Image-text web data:
--
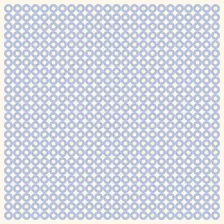 Lukittu arkki Lima: vain ääriviivat, 24 × 24 helmeä
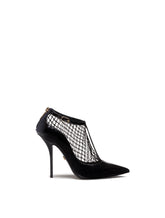Mesh t-strap heels - | Dolce & Gabbana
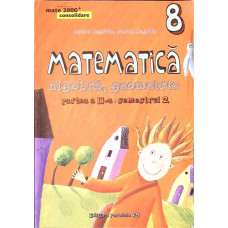 MATEMATICA, ALGEBRA, GEOMETRIE, CLASA A VIII-A, PARTEA A II-A / SEMESTRUL 2
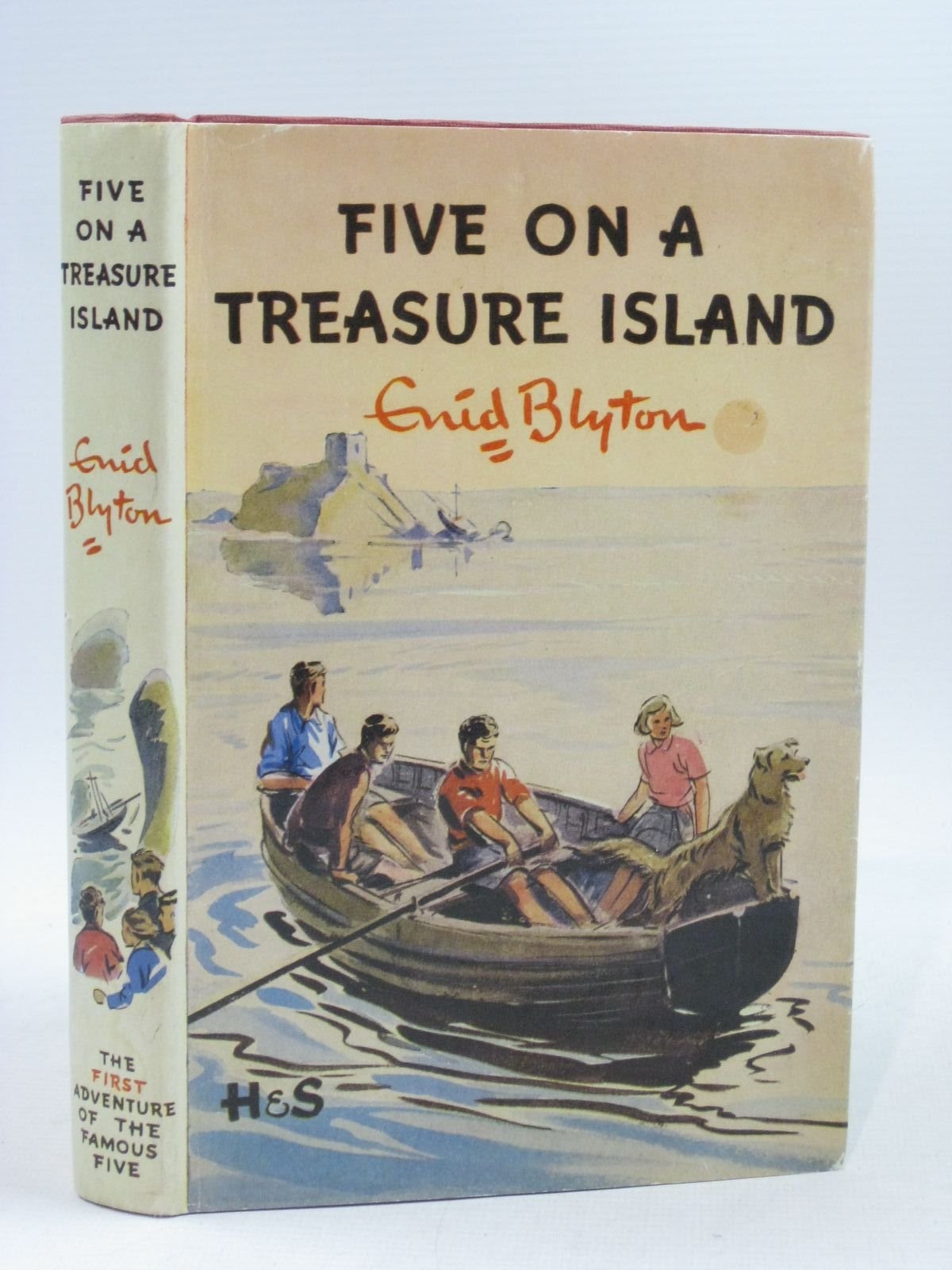 Five On A Treasure Island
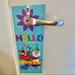 Disney Accents | Disney Iconic It’s A Small World Door Hanger | Color: Blue/Purple | Size: Os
--
What you give back must be exactly the lines from the opening line of the entries through the line holding "Five On A Treasure Island", with no pictures.

• OUTPUT BELOW:
 Lukittu arkki Lima: vain ääriviivat, 24 × 24 helmeä
Mesh t-strap heels - | Dolce & Gabbana
 MATEMATICA, ALGEBRA, GEOMETRIE, CLASA A VIII-A, PARTEA A II-A / SEMESTRUL 2
 Five On A Treasure Island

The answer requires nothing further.